Data wrangling is the process by which data is identified, extracted, integrated and cleaned for analysis. The New York Times reports that “Data scientists, according to interviews and expert estimates, spend from 50 percent to 80 percent of their time mired in this more mundane labor of collecting and preparing unruly digital data”.
The VADA project exists to put data wrangling on a firmer footing, in which automation, more systematic use of the available evidence, and carefully targeted user input lead to more efficient data wrangling. One of the goals of the project is to encourage a larger community of researchers and developers to work on techniques and tools for data wrangling. With this in mind, a paper on “Data Wrangling for Big Data: Challenges and Opportunities” has been written by members of the VADA team, and published in the Vision Track of the 19th International Conference on Extending Database Technology, March 15-18, 2016, in Bordeaux, France. This paper makes the case that a concerted effort to address specific challenges in data wrangling can be expected to yield substantial rewards.

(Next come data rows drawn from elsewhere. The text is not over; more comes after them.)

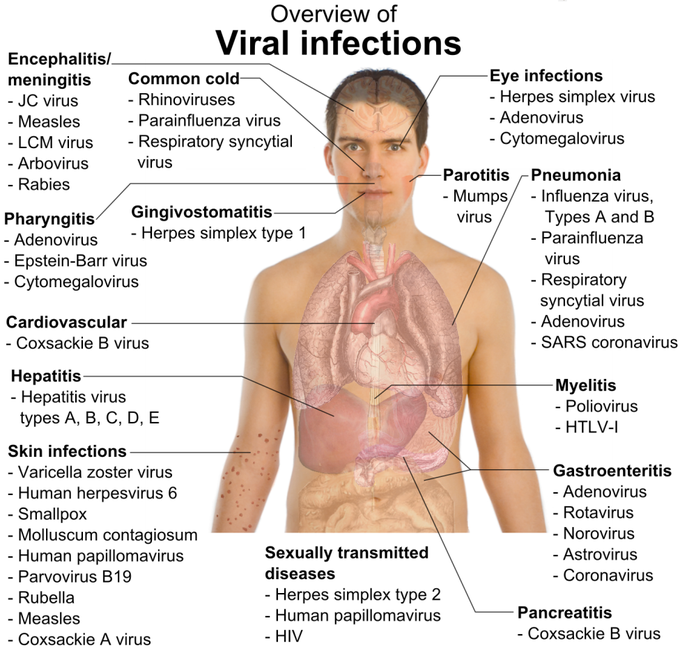 Viral infections overview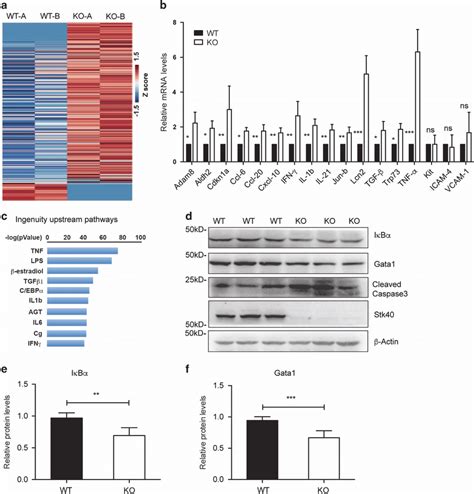 Stk40 Regulates Tnf α Signaling And Genes Involved In Erythropoiesis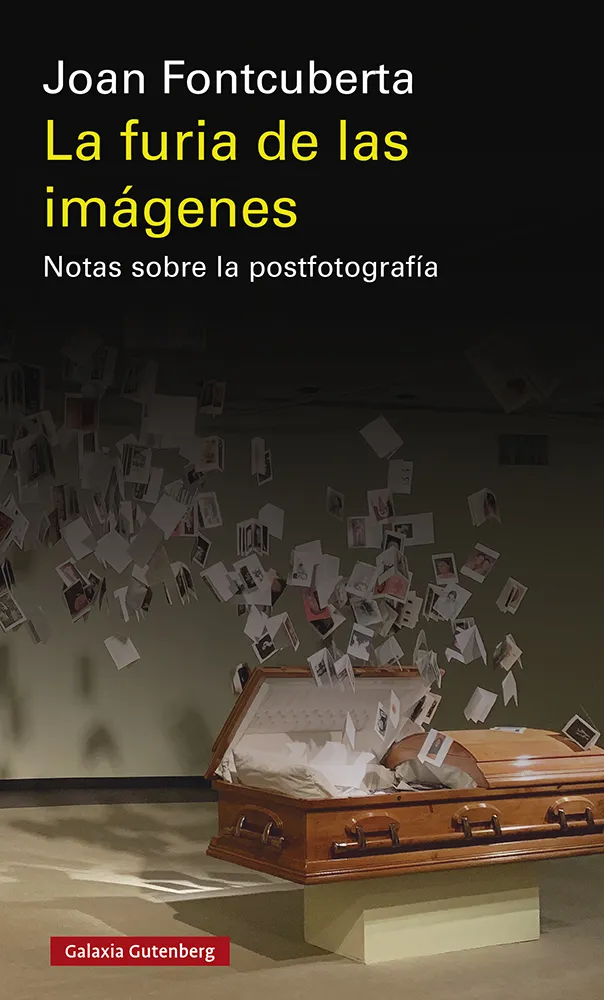 FURIA DE LAS IMAGENES, LA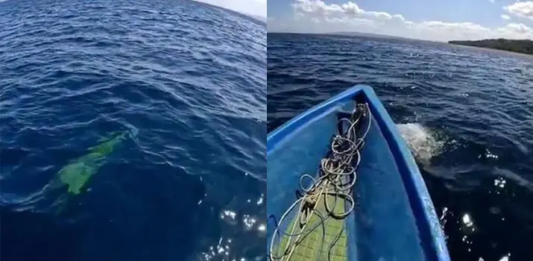 Penampakan Buaya di Laut Kadatua Busel Viral, Warga Sebut Tak Pernah Melihat Sebelumnya Penampakan Buaya di Laut Kadatua Busel Viral, Warga Sebut Tak Pernah Melihat Sebelumnya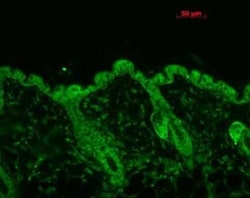 HSP90 Antibody (4F3.E8), Novus Biologicals 200&mu;g; Unlabeled:Antibodies,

Data is everywhere, generated by increasing numbers of applications, devices and users, with few or no guarantees on the format, semantics, and quality. The economic potential of data-driven innovation is enormous, estimated to reach as much as £40B in 2017, by the Centre for Economics and Business Research.
To realise this potential, and to provide meaningful data analyses, data scientists must first spend a significant portion of their time (estimated as 50% to 80%) on “data wrangling” – the process of collection, reorganising, and cleaning data. This heavy toll is due to what is referred as the four Vs of big data:Volume – the scale of the data, Velocity – speed of change, Variety – different forms of data, and Veracity – uncertainty of data.
There is an urgent need to provide data scientists with a new generation of tools that will unlock the potential of data assets and significantly reduce the data wrangling component. As many traditional tools are no longer applicable in the 4 V’s environment, a radical paradigm shift is required. The VADA Programme Grant aims to add value to data by:
- carrying out data management tasks in an environment that takes full account of data and user contexts, and
- integrating and automating key data management tasks in a way not yet attempted, but desperately needed by many innovative companies in today’s data-driven economy.
The VADA research programme will define principles and solutions for Value Added Data Systems, which support users in discovering, extracting, integrating, accessing and interpreting the data of relevance to their questions. In so doing, it uses the context of the user, e.g., requirements in terms of the trade-off between completeness and correctness, and the data context, e.g., its cost, provenance and quality. The user context characterises not only what data is relevant, but also the properties it must exhibit to be fit for purpose.